After 20 seasons under Julie Shackford, for years the program’s all-time winningest coach, how would things be different under Sean Driscoll?
Though Tyler Lussi ’17 was back to begin the second half of her Tiger career, who else would score? Lussi had 18 goals in 2014, but no other returning player had more than three that year.
Who would backstop the team? Darcy Hargadon ’15 was one of nine seniors in her class, and no keeper on the 2015 roster had started more than one game at Princeton entering the season.
The program continues to have a proud history of success, with 10 Ivy League championships and 13 trips to the NCAA tournament. And though the 2012 season saw Princeton go to West Virginia and stun the 16th-ranked Mountaineers to open that year’s NCAA tournament, the 2013 and 2014 seasons did not see the program add to those Ivy League or NCAA appearance counts.
“If I’ve learned anything in coaching, it’s that the seasons you think you’re going to be great, you tend to fall short,” Driscoll said. “And the seasons that you have less expectations, you tend to do a little bit better.”

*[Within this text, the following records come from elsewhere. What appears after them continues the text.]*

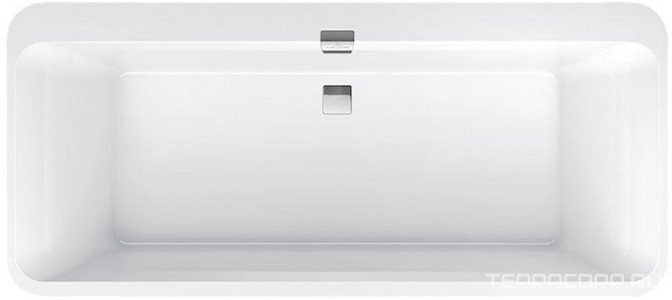 Ванна 1800х800хh450(620)мм, отдельностоящая, (кварил цв.96 star white), (слив-перелив, крышки цв.белый и хром в компл.,),  Excellence Duo ZZ Villeroy & Boch Squaro UBQ180SQE9W2V-96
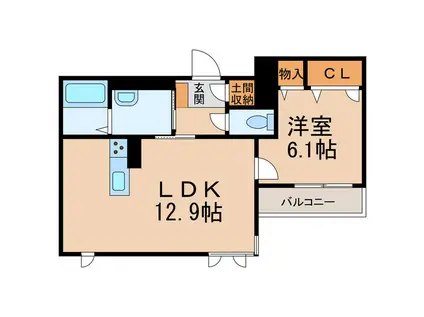 ベレオくすのき(1LDK/3階)の間取り写真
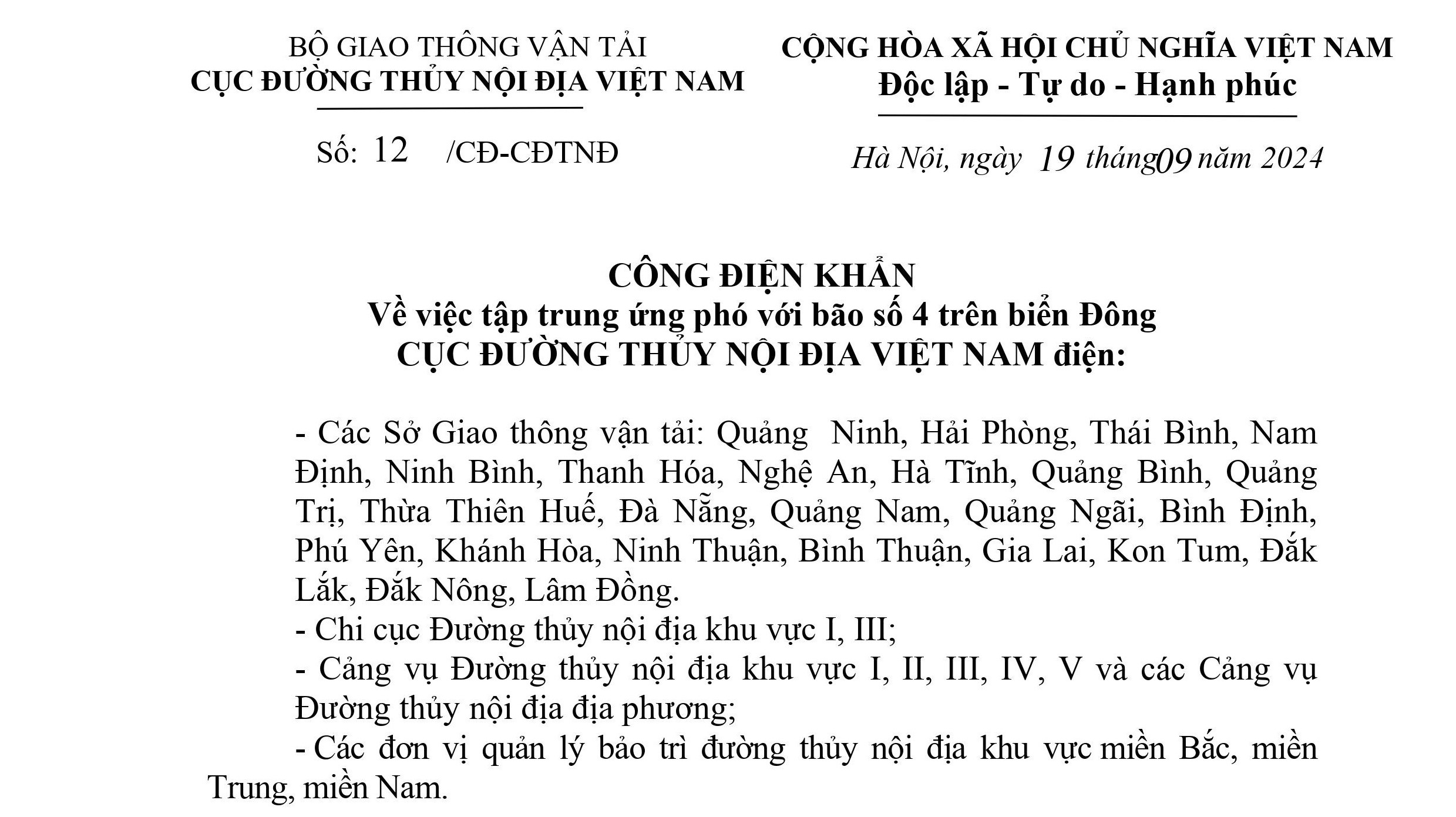 Công điện KHẨN tập trung ứng phó với bão số 4 trên biển Đông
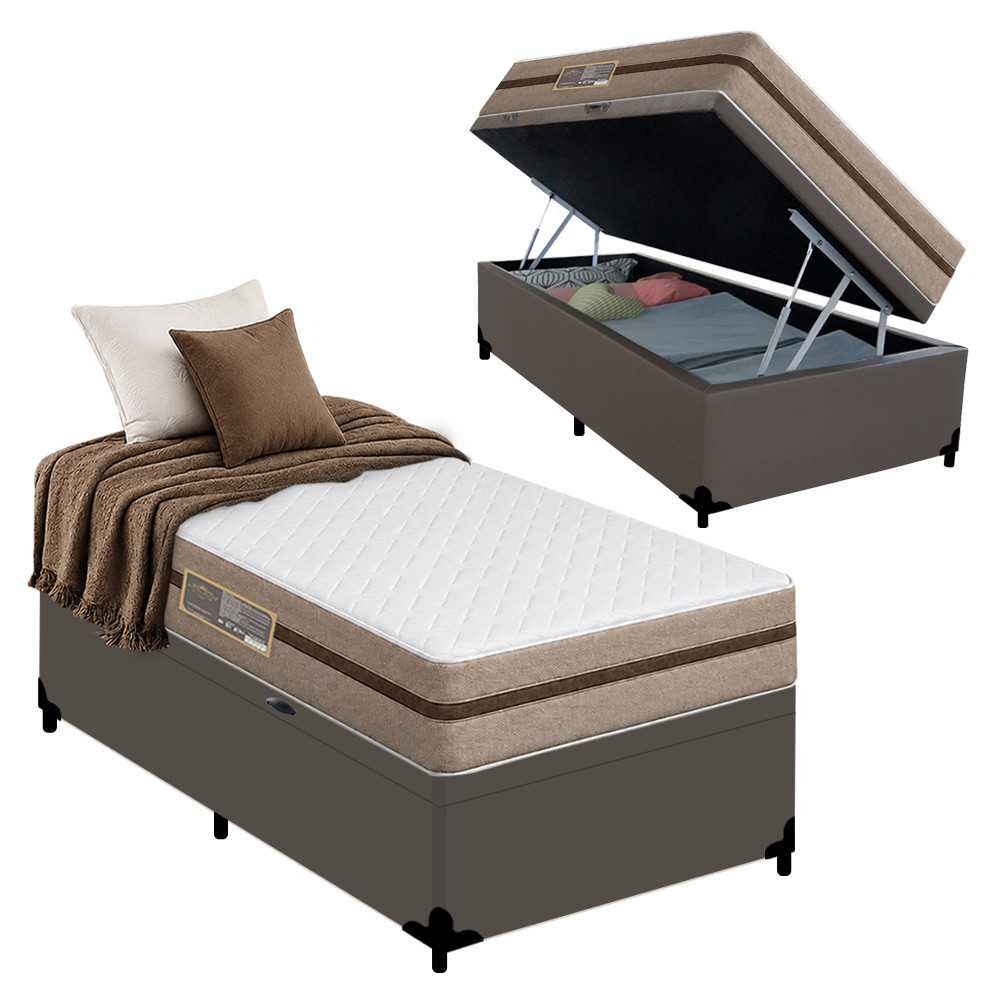 Cama Box Baú Solteiro Sintético + Colchão Molas Ensacadas Royal Sleep BioClassic 88cm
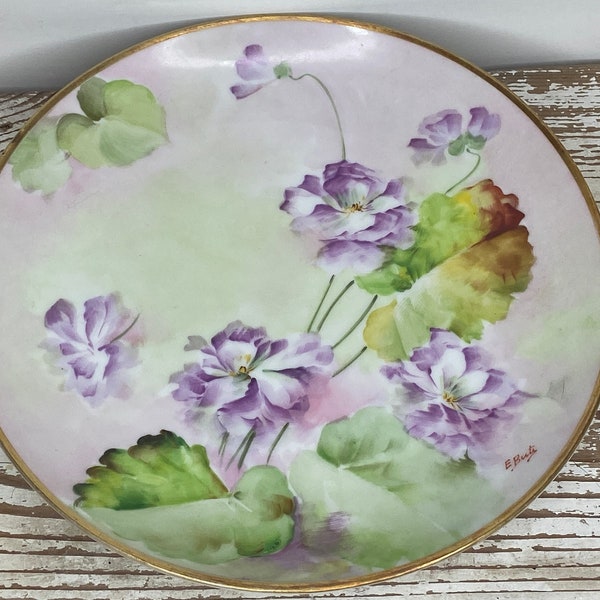 Stunning Hand Painted Ginori Italy Floral Plate Signed by E. Buti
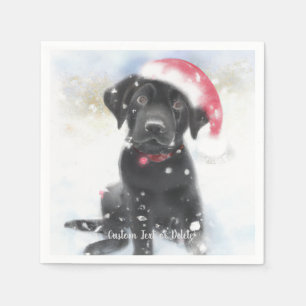 Zwartwitpuppy met kerstkerstkerstkerstkerstkerstke servet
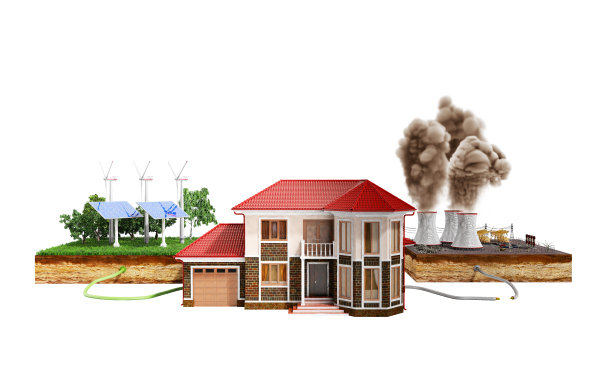 该住宅连接太阳能板和风标，而不是热电站的3d渲染图片下载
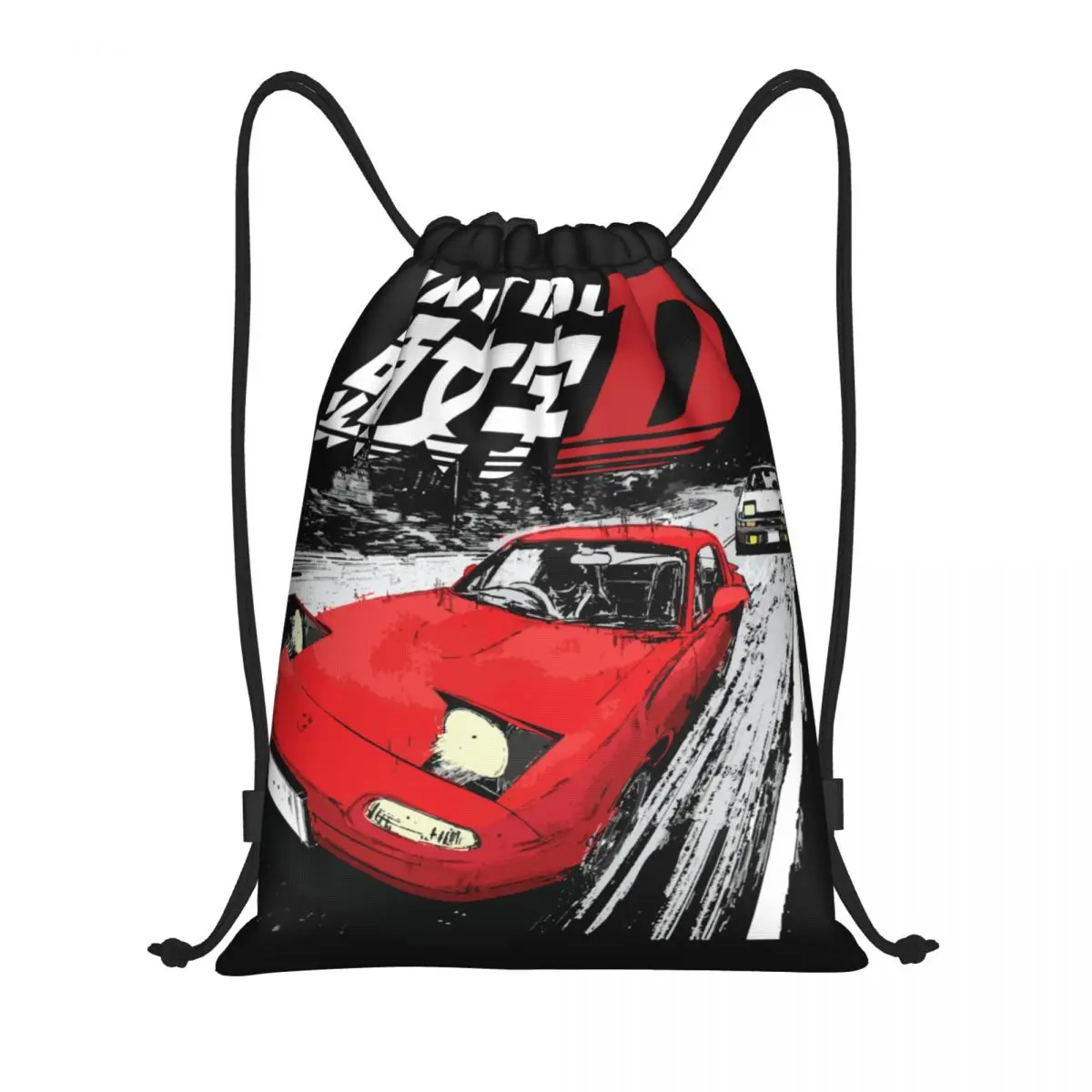 Custom Mountain Drift Racing Initial D Drawstring Backpack Bags Men Women Lightweight Gym Sports Sackpack Sacks for Yoga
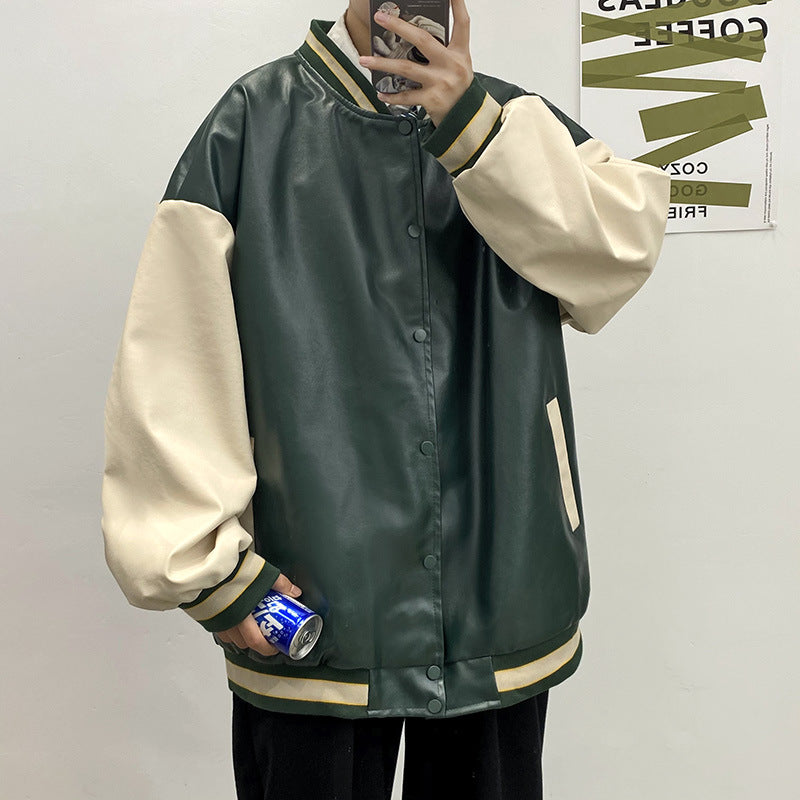Jock Jacket PU Leather Men's Spring and Autumn Casual Jacket Loose All-Matching Men's Clothing Coat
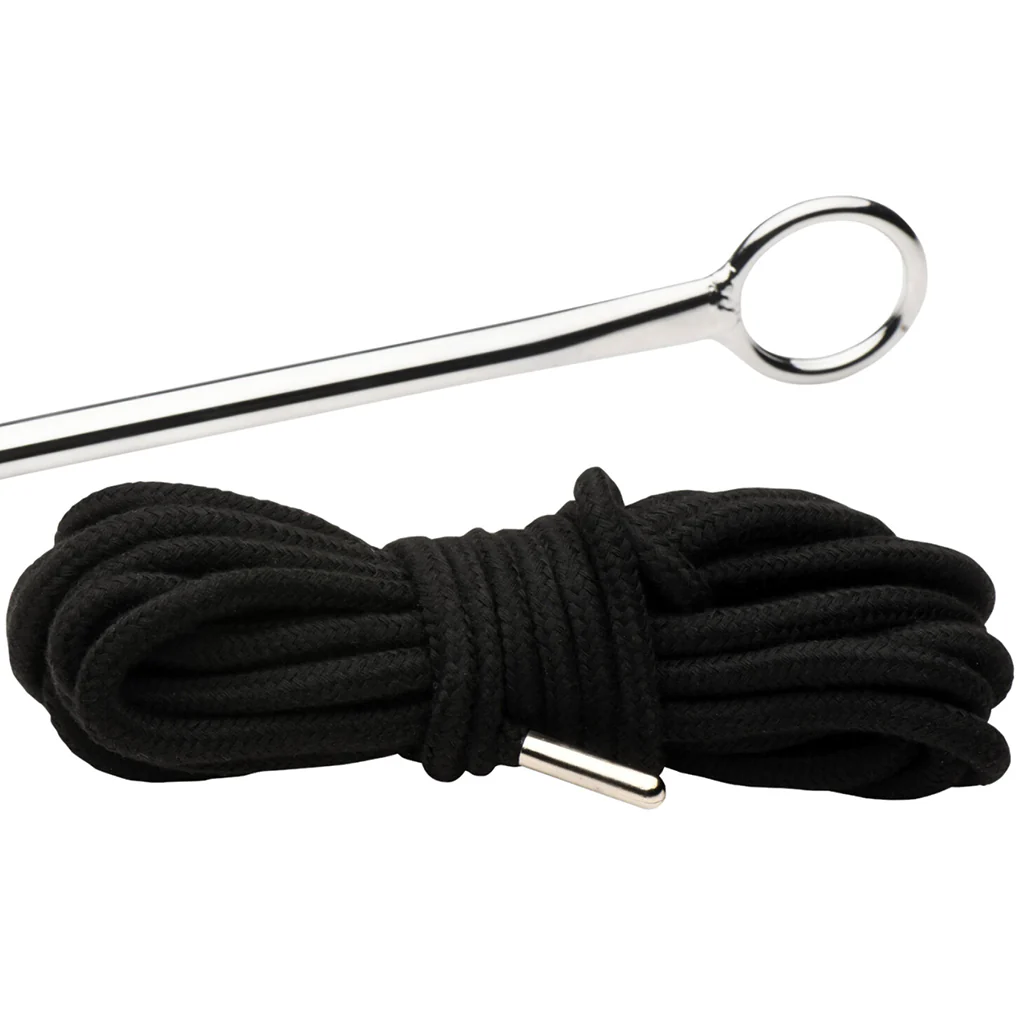 Master Series Roped Beaded Steel Anal Hook - Image 8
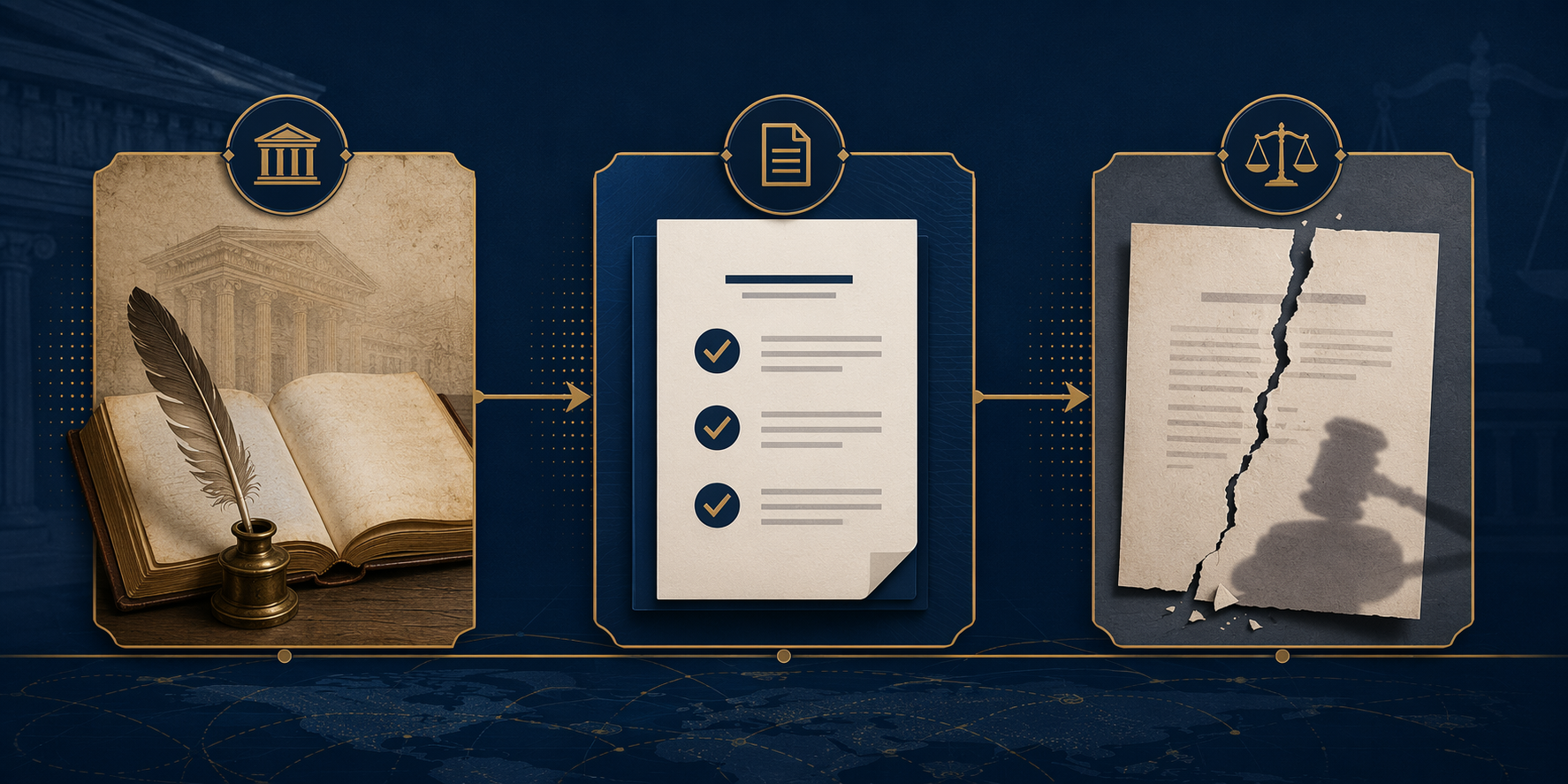 A three-panel timeline showing pre-1999 discretion, 2022 definitions, and the 2026 rescission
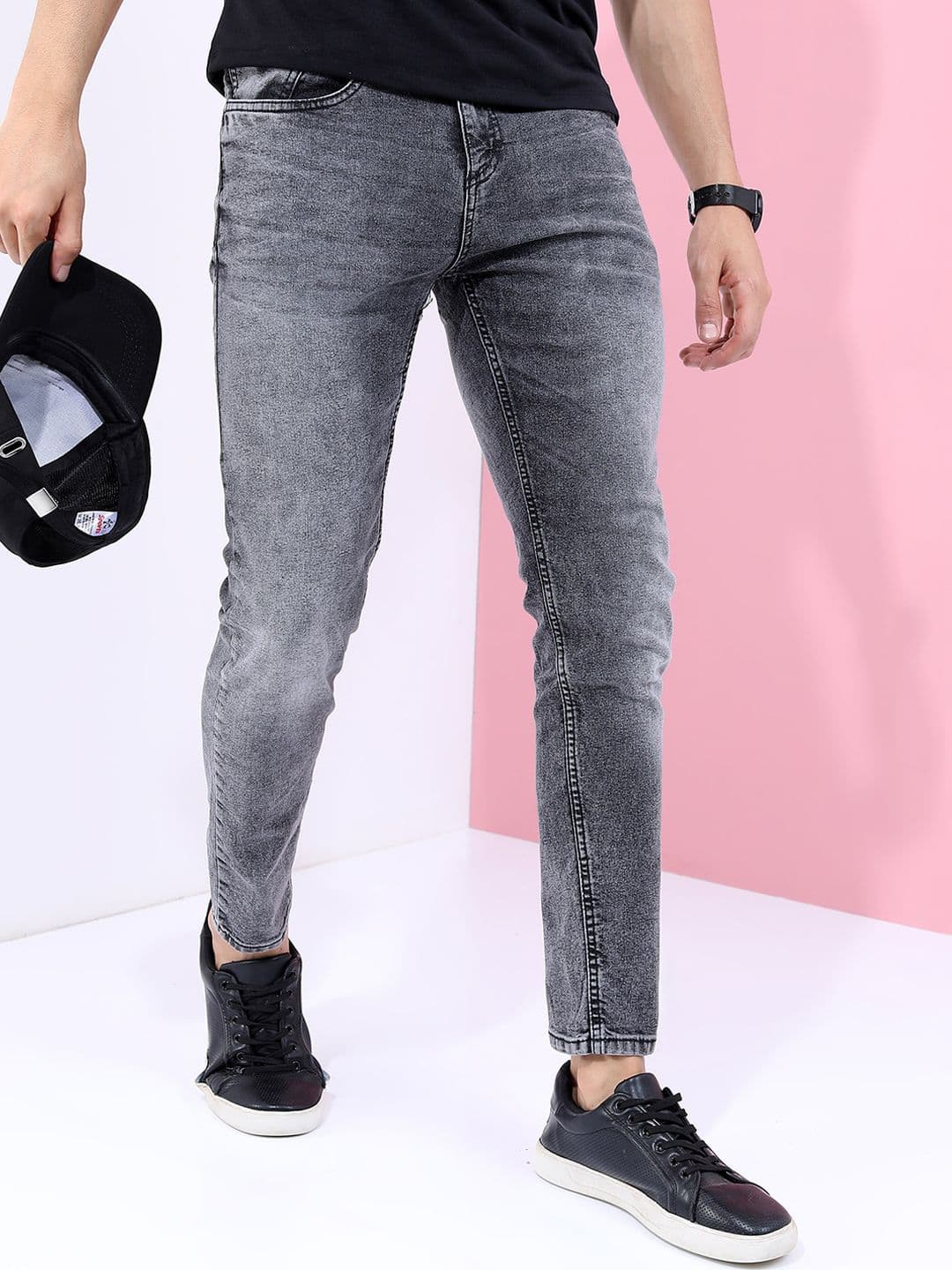 HIGHLANDER Men Grey Slim Fit Heavy Fade Stretchable Jeans - view 1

Maybe that helped a 2015 Tiger team with so many questions. The first weekend went well, with wins over Howard and Fordham, and though three straight losses to Rutgers, Duquesne and Delaware followed, Princeton turned it around in time to build some momentum heading into the Ivy League season, with wins over Villanova, La Salle and 23rd-ranked William & Mary in the final pre-Ivy stretch.

The pre-season questions began to get answers. Who would score? Lots of players, with nine different Tigers getting goals over those first eight games. Lussi was up to six goals, and freshman Mimi Asom began to show her promise right away, scoring four times.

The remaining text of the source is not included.